Silkworm breeding records: how to transform from insect to moth?

Many of you don’t know how silkworms are born. Like most molluscs, silkworms are oviparous. The eggs are tiny, smaller than a sesame seed, and we used to call them silkworm seeds.

mulberry silk duvet

The village committee orders the silkworm, and the amount ordered by each family is determined by the number of mulberry leaves they produce.

Before taking the silkworm seed home to hatch, an important task is to clean the silkworm breeding room and, importantly, disinfect it. This is because silkworms are very delicate, and if they are not disinfected, they will have a high incidence of disease.

The seeds were taken back to the silkworm room, and when the temperature was raised to 70 degrees Celsius, the silkworms began to break out of their shells. The newly hatched silkworm is dark and languid and seems to be growing tiny hairs, wriggling piece by piece.

The young silkworms at this stage have to be fed on the youngest leaves at the top of the mulberry branches; they are indeed too delicate, just like a newborn baby. From this day onwards, they must be carefully looked after every day. It takes about forty days before and afterwards, during which time, in addition to feeding, two things are very important: maintaining the temperature and humidity. If you are not careful, the temperature can be too high or too low, affecting the growth of silkworms.


During these forty days, the silkworm sleeps four times – we call them first sleep, second sleep, third sleep, and fourth sleep. Each sleep is a metamorphosis. I have always felt that each sleep corresponds to a human being’s age of eight, sixteen, twenty-four, and thirty-two.

By the time it wakes up from its fourth sleep, the silkworm begins to enter its violent growth phase, which lasts about ten days and is the most powerful stage for eating mulberry leaves; basically, 80 per cent of the leaves are eaten by them at this stage.
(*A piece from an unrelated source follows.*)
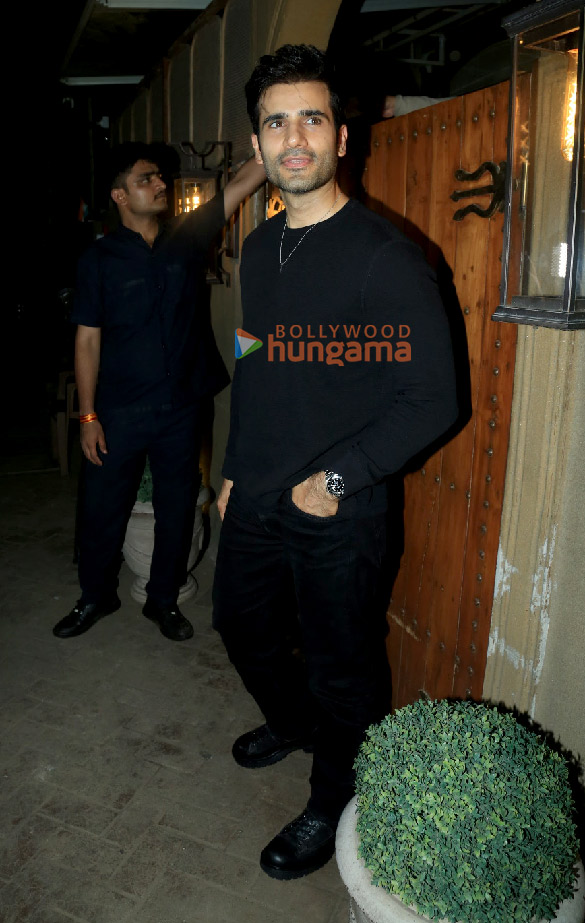 photos sophie choudry manish malhotra and karan tacker snapped in bandra 2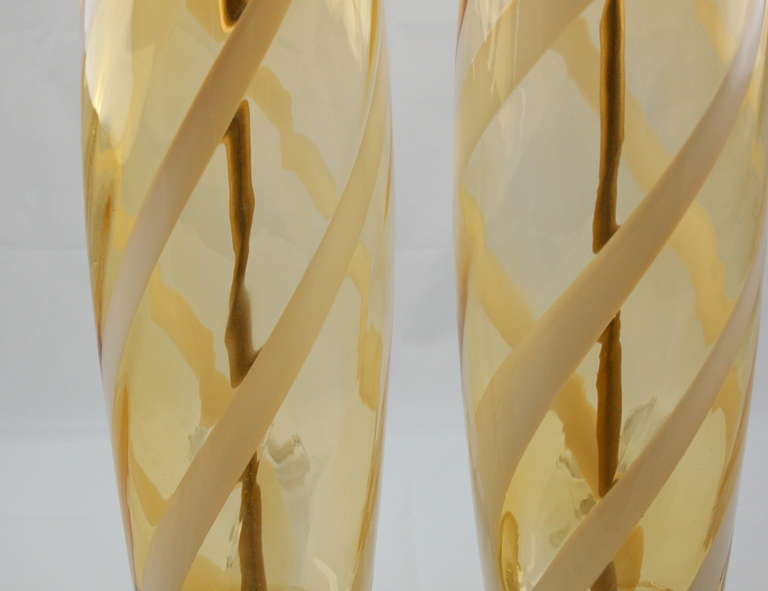 Pair of Vintage Murano Glass Lamps in Lemon Honey with Ribbon Swirl In Excellent Condition For Sale In Little Rock, AR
These ten days are also the busiest time for silkworm rearing, we had to feed the silkworms with mulberry leaves in the morning before we could have breakfast, and then we had to pick mulberry leaves after having a quick bite to eat.

There is no other way to collect mulberry leaves, but by hand, one mulberry branch at a time, the speed is very slow, a day down, only barely enough to pick the amount of the day, and then rush back home to feed the evening meal of mulberry leaves, tossed down, it is almost 9:00 -10:00 pm.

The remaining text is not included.